Task statement: Given the records below, pull every line with the word "isolated" into the answer.

(Source records)
□ □ □
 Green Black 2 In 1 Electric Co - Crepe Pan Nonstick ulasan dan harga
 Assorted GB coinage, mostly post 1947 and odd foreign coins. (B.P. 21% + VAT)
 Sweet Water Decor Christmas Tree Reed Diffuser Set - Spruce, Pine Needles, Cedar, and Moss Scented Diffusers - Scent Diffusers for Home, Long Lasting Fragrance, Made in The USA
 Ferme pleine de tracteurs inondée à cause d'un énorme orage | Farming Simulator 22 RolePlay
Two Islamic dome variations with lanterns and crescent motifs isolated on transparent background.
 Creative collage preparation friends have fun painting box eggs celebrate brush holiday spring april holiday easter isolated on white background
□ □ □
Solution for this task:
Two Islamic dome variations with lanterns and crescent motifs isolated on transparent background.
 Creative collage preparation friends have fun painting box eggs celebrate brush holiday spring april holiday easter isolated on white background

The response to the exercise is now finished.